I was concerned that the steeper downhills toward the tops of each rim were going to give me knee problems - I'd recently been on a "practice" hike where my knees got quite sore going downhill.  I have no idea what I did, but miraculously my knees felt completely fine the entire time.

Back at the turnoff where the trail flattens out toward the bottom of the canyon, I was finally starting to feel tired.  I was coming to the realization that I still had another 10 miles of this enjoyable, nearly flat trail and then after that, 8 miles of pretty steep uphill.  I had been out for 13 hours and had hiked 28 miles with 6500 feet of elevation gain, and I was still facing 18 miles and 2500 feet of elevation, which by itself would be a pretty big activity for a day.

Unfortunately, the only way out was up.  If I'd actually been injured or sick, I could have found help from other hikers, and probably gotten up to the North Rim and gotten a ride back.  But nothing was wrong, I was just getting the Very Big Day I signed up for. The hike back along the flatter part of the trail was so beautiful - I wished it were possible to just do that section, because I would absolutely come back for that.  I'm still currently unconvinced it's worth hiking 8 miles down into the canyon and then 8 miles back out to access, but maybe I'll have changed my mind the next time I'm there.

I arrived back at Phantom Ranch about half an hour after dark.  In the moment, I was pretty disappointed that I was going to be doing the South Rim entirely in the dark, when I'd been hoping to get at least part way up before the sun went away.  I stopped only briefly to refill water and have a snack before starting up again.  My headlamp batteries died and I was very happy that I'd brought a backup - I don't think I've ever gone through a fresh set of batteries in a single activity before.

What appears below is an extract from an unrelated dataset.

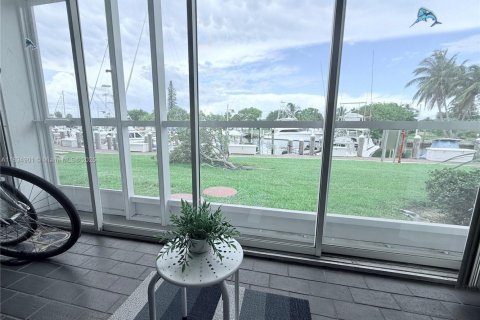 Copropriété à vendre à Pompano Beach, Floride: 1 chambre, 65.96 m2 № 1940621 - photo 28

The first couple miles uphill was going great. Then I started slowing down dramatically. I had filled my Camelbak with a very dilute electrolyte mixture (mostly to mask the taste of the canyon water) but just sipping on that was making me feel sick. Eventually it occurred to me that it had been a couple hours since I ate anything.  I stopped around halfway up to the rim, near the ranger station and campground, and ate some GU gel in addition to drinking more water.  Within a few minutes I magically (through the magic of physiology) felt better, and for the remainder of the hike up I was stopping to eat a gel every half hour or so.

I got back to the trailhead just after midnight, but felt relatively fine, just tired.  I slept at my campground for about 6 hours before waking up again, still feeling fine.  I was expecting some horrible soreness or injury to slowly flare up over the next day, but nothing happened.  The only effects from it were some blisters, which were much better than the blisters I'd gotten on my 40-mile Yosemite hike in early September.  I had actually put "prophylactic bandaids" on in those spots, and I think they worked, but at some point during the hike all of them had come off my feet and were instead stuck to my socks.

The numbers according to Strava.  The distance was definitely overestimated by ~5% or so; it should have been 46-47 miles.

I finished the hike with very mixed feelings, because for years I'd envisioned myself doing this as a super disciplined athlete who stuck to a training program and crushed the eventual goal.  After processing for a couple days though, I realized I was proud of the accomplishment, and I'm simply not a disciplined athlete.  Just an average person who enjoys spending ridiculously long days on my feet.